# Architecture-related question (Multi-Layer App)



## Scholle (10. Jun 2009)

Hi All,

I have a question regarding architectural related issues.

I am planning an application that will have a considerable amount of business logic. There will also be different ways for different target groups to access this logic, e.g. web application1 and mobile application1 for target group1 and web application2 and mobile application2 for target group2. I think its reasonable to split the overall functionality into diffferent lighter-weighted apps rather than implementing one heavy-weighted app because the functionality to be implemented in each app is quite different. To sum up, there are several smaller applications in the presentation layer and a big application in the backend layer. Of course, apps will be added from time to time. At the beginning, there will be only the app in the backend and web application1 for target group1.

I was thinking about what technologies to be used. There is a strong experience in Java. However, basic knowledge in Groovy, Ruby, PHP has been gained in smaller projects.

Thus, I was thinking about the following design alternatives:

1.) Using Spring-based app in the backend app and Grails/Rails for the web app. Grails/Rails will interact with the backend based on RESTful Webservices - a service-oriented architecture so to say. In this case, there will be now dedicated  database for the web-app. All data would be requested from the backend using services. Choosing such an architecture allows for independent scalability which is quite important because the app in the backend will get more demanding the more apps in presentation layer will be added or the more user will consume the application. 

2.)  Using Grails app and putting the backend functionality (as spring beans) into the grails framework. I personally think this is the worst alternative because the business logic supposed to be used by different apps could not be deployed independently from the grails app. Furthermore, all the other web apps would have to access the grails app. 

3.) I have heard about OSGI but I am quite unsure whether and how it might be applied to the scenario mentioned above.

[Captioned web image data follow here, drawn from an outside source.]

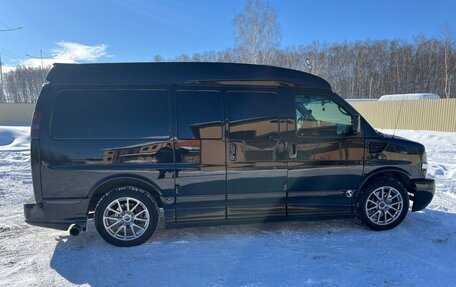 Chevrolet Express II, 2014 год, 3 650 000 рублей, 2 фотография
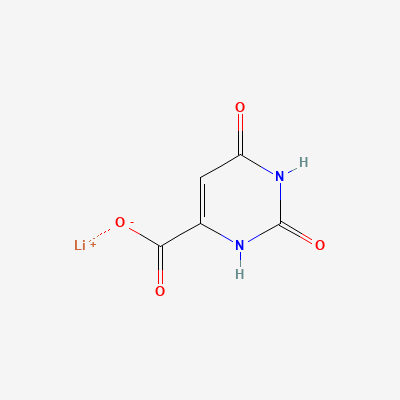 buy Lithium Orotate Lithium Orotate Structure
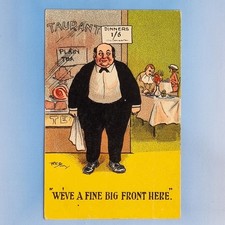 Comic Postcard C1915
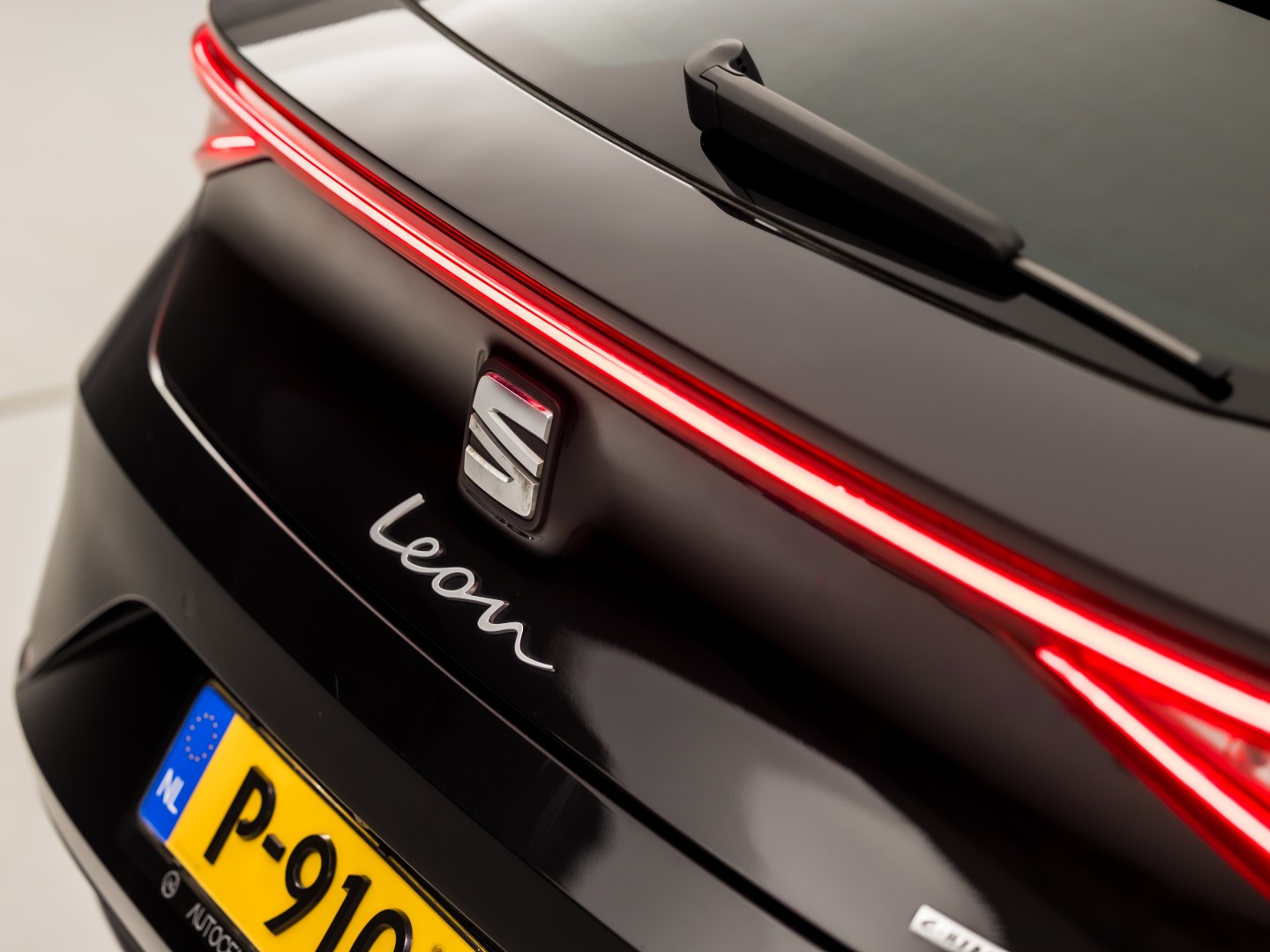 Foto van Seat Leon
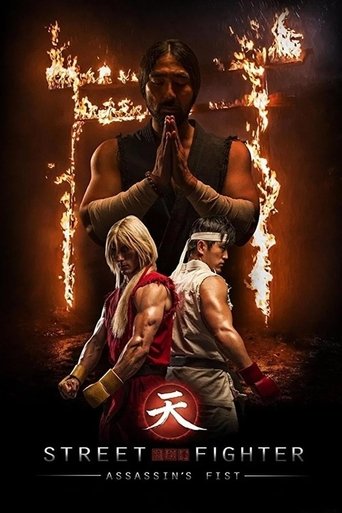 Portrait for Street Fighter: Assassin's Fist - Season 1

I actually prefer alternative 1 because it fosters loose coupling between the different apps (that will be added from time to time), allows for scalability and re-use of the functionality of the backend provided as services. I prefer an architecture using Spring for the backend and Grails for web apps. Using RESTful services for communicating between bot backend and presentation is only one solution. I am not quite sure about performance related issues because there will be quite a lot communication between the web-apps and the backend.

Give anyone give some feedback regarding the alternatives proposed? Does anyone see an alternative regarding how to realize communication between independent grails and spring apps?

Thanks, 
Scholle


----------



## Noctarius (10. Jun 2009)

I would expect a 4th situation which is indeed a mixture of scenario 1 and 3.

Running a Spring based backend on base of OSGi but making different OSGi bundles for splittable business logic to be in the position to make partiell updates of the backend.
For the Frontend you can use a simple Tomcat with some Groovy/Rails or whatever framework code which interacts to the backend over REST or JMS for example.


----------



## Scholle (10. Jun 2009)

Hallo Noctarius,

danke für dein Feedback....

Bezüglich OSGI, man kann ja Spring Beans als OSGI Services publishen. Diese werden in der OSGI Registry registriert. Dann wäre es ja prinzipiell auch möglich, aus dem Grails Framework auf dieses Services zu zugreifen? Mein Gefühl sagt mir, dass diese Art der Kommunikation für meinen Zweck geeigneter sein könnte. Macht so etwas überhaupt Sinn?

Nehmen wir mal an, es wird Spring MVC für die Web Schicht eingesetzt. Damit bleiben wir in der Spring-Familie. Dann würden wir die Kommunikation mit der Business Logic, die ebenfalls vom Spring Framework unterstützt wird, doch nicht mit Services realisieren? 

Wie macht man das denn normalerweise, wenn es verschiedenen Applikation in der Präsentationsschicht gibt, die auf ein gemeinsames Backend zugreifen?

Scholle


----------